General Clinton, who had beheld the progress of the battle with mortified pride, seeing the regulars repulsed a second time, crossed over in a boat, followed by a small reinforcement, and joined the broken army as a volunteer. Some of the British officers remonstrated against leading the men a third time to certain destruction; but others, who had ridiculed American valor, and boasted loudly of British invincibility, resolved on victory or death. The incautious loudness of speech of a provincial, during the second attack, declaring that the ammunition was nearly exhausted, gave the enemy encouraging and important information. Howe immediately rallied his troops and formed them for a third attack, but in a different way. The weakness of the point between the breastwork and the rail fence had been discovered by Howe, and thitherward he determined to lead the left wing with the artillery, while a show of attack should be made at the rail fence on the other side. His men were ordered to stand the fire of the provincials, and then make a furious charge with bayonets.

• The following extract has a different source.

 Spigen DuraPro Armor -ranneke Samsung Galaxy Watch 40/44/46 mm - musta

So long were the enemy making preparations for a third attack that the provincials began to imagine that the second repulse was to be final. They had time to refresh themselves a little and recover from that complete exhaustion which the labor of the day had produced. It was too true that their ammunition was almost exhausted, and, being obliged to rely upon that for defence, as comparatively few of the muskets were furnished with bayonets, they began to despair. The few remaining cartridges within the redoubt were distributed by Prescott, and those soldiers who were destitute of bayonets resolved to club their arms and use the breeches of their guns when their powder should be gone. The loose stones in the redoubt were collected for use as missiles if necessary, and all resolved to fight as long as a ray of hope appeared.

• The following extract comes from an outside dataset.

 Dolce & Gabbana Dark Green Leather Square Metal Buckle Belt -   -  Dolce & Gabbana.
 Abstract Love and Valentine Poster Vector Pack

During this preparation on Breed’s Hill, all was confusion elsewhere. General Ward was at Cambridge, without sufficient staff-officers to convey his orders. Henry (afterward General) Knox was in the reconnoitring service, as a volunteer, during the day, and upon his reports Ward issued his orders. Late in the afternoon, the commanding general despatched his own, with Paterson and Gardner’s regiments, to the field of action; but to the raw recruits the aspect of the narrow Neck was terrible, swept as it was by the British cannon. Colonel Gardner succeeded in leading three hundred men to Bunker Hill, where Putnam set them intrenching, but soon ordered them to the lines. Gardner was advancing boldly at their head, when a musket-ball entered his groin and wounded him mortally. His men were thrown into confusion, and very few of them engaged in the combat that followed, until the retreat commenced. Other regiments failed to reach the lines. A part of Gerrish’s regiment, led by Adjutant Christian Febiger, a Danish officer, who afterward accompanied Arnold to Quebec and was distinguished at Stony Point, reached the lines just as the action commenced, and effectually galled the British left wing. Putnam, in the mean time, was using his utmost exertions to form the confused troops on Bunker Hill and get fresh corps with bayonets across the Neck.

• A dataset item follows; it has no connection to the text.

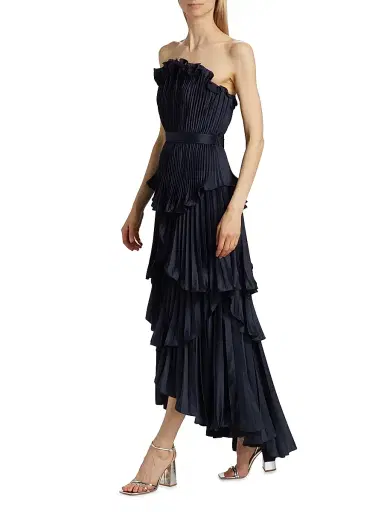AMUR Women's Janey Tiered Shell High-Low Gown - Navy | Thumbnail 4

All was order and firmness at the redoubt on Breed’s Hill as the enemy advanced. The artillery of the British swept the interior of the breastwork from end to end, destroying many of the provincials, among whom was Lieutenant Prescott, a nephew of the colonel commanding. The remainder were driven within the redoubt, and the breastwork was abandoned. Each shot of the provincials was true to its aim, and Colonel Abercrombie and Majors Williams and Speedlove fell. Howe was wounded in the foot, but continued fighting at the head of his men. His boats were at Boston, and retreat he could not. His troops pressed forward to the redoubt, now nearly silent, for the provincials’ last grains of powder were in their guns. Only a ridge of earth separated the combatants, and the assailants scaled it. The first that reached the parapet were repulsed by a shower of stones. Major Pitcairn, who led the troops at Lexington, ascending the parapet, cried out, “Now for the glory of the marines!” and was immediately shot by a negro soldier. Again numbers of the enemy leaped upon the parapet, while others assailed the redoubt on three sides. Hand to hand the belligerents struggled, and the gun-stocks of many of the provincials were shivered to pieces by the heavy blows they were made to give. The enemy poured into the redoubt in such numbers that Prescott, perceiving the folly of longer resistance, ordered a retreat. Through the enemy’s ranks the Americans hewed their way, many of them walking backward and dealing deadly blows with their musket-stocks. Prescott and Warren were the last to leave the redoubt. Colonel Gridley, the engineer, was wounded, and borne off safely. Prescott received several thrusts from bayonets and rapiers in his clothing, but escaped unhurt. Warren was the last man that left the works. He was a short distance from the redoubt, on his way toward Bunker Hill, when a musket-ball passed through his head, killing him instantly. He was left on the field, for all were flying in the greatest confusion, pursued by the victors, who remorselessly bayoneted those who fell in their way.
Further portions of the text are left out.